* [Dataset extract]
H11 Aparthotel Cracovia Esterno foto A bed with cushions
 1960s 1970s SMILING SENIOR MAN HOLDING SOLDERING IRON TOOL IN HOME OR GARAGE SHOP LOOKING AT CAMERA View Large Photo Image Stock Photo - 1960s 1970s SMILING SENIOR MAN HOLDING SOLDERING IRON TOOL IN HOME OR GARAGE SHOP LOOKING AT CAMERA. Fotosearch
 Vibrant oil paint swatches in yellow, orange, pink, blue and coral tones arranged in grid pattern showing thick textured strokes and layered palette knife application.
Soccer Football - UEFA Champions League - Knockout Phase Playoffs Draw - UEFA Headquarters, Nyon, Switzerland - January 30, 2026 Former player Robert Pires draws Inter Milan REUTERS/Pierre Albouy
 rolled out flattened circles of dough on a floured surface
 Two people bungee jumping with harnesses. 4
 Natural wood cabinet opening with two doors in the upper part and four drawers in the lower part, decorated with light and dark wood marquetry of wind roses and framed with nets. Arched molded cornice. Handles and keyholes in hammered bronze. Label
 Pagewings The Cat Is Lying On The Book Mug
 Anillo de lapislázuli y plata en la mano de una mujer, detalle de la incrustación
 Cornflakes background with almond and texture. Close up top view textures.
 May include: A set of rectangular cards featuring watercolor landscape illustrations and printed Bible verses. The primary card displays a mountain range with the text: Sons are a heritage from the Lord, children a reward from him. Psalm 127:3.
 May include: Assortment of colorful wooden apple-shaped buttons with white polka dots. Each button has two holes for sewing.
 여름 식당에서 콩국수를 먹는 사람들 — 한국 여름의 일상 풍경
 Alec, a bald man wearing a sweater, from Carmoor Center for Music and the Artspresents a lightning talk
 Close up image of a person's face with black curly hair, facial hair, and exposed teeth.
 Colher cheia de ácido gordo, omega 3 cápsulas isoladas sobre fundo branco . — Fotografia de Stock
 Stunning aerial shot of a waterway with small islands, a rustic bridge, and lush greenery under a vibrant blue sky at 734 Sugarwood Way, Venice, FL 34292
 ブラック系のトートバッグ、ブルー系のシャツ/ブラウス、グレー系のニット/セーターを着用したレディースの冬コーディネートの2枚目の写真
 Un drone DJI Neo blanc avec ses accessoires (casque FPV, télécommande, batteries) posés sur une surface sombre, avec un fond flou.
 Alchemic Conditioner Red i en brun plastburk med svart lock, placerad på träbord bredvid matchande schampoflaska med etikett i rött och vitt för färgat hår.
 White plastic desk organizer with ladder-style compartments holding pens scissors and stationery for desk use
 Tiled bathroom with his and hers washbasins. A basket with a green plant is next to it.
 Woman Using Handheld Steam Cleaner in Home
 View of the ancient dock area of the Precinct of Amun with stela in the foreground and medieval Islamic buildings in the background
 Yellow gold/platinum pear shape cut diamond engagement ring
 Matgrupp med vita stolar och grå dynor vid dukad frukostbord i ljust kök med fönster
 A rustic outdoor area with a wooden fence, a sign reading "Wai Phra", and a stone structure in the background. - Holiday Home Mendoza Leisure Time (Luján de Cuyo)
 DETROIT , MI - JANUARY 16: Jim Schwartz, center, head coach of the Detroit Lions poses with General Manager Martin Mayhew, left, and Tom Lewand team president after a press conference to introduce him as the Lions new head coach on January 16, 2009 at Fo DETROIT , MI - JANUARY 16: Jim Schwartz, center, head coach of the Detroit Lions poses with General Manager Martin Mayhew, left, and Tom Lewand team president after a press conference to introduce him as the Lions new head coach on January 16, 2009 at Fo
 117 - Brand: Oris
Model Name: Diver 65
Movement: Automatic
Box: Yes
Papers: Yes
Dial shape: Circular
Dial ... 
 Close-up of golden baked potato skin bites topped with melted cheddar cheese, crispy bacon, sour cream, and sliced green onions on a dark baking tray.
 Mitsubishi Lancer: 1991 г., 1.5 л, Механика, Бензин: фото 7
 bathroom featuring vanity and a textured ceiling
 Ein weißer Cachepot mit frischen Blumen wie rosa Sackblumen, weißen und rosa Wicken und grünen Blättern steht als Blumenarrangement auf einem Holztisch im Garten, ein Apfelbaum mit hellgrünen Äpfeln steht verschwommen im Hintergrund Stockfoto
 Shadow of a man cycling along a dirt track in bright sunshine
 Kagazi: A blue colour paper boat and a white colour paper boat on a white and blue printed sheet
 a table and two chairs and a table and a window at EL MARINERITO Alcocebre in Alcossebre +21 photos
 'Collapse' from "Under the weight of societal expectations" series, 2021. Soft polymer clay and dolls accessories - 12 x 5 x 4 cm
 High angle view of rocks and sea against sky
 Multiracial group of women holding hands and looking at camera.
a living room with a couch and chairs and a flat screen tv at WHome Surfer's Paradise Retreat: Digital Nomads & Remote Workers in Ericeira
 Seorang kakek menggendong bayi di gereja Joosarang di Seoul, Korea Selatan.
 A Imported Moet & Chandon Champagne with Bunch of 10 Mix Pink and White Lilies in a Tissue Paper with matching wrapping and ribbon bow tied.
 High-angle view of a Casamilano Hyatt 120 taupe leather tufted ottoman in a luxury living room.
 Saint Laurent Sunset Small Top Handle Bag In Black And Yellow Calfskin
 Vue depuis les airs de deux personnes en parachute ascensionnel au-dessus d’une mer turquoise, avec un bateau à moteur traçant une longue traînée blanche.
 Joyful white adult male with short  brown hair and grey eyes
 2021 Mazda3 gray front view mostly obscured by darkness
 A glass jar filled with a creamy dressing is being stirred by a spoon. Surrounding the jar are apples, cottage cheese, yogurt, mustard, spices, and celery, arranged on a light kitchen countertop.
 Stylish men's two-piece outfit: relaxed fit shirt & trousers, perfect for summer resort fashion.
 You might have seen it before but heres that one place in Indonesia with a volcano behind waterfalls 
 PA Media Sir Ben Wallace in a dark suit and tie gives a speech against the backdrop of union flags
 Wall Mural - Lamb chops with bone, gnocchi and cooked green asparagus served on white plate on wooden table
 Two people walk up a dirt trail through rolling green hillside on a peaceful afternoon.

* [Instructions to follow] Using the records above, restate word for word the lines from the one with "A glass jar" through the one with "Wall Mural - Lamb", both included.

* [Result of the exercise]
 A glass jar filled with a creamy dressing is being stirred by a spoon. Surrounding the jar are apples, cottage cheese, yogurt, mustard, spices, and celery, arranged on a light kitchen countertop.
 Stylish men's two-piece outfit: relaxed fit shirt & trousers, perfect for summer resort fashion.
 You might have seen it before but heres that one place in Indonesia with a volcano behind waterfalls 
 PA Media Sir Ben Wallace in a dark suit and tie gives a speech against the backdrop of union flags
 Wall Mural - Lamb chops with bone, gnocchi and cooked green asparagus served on white plate on wooden table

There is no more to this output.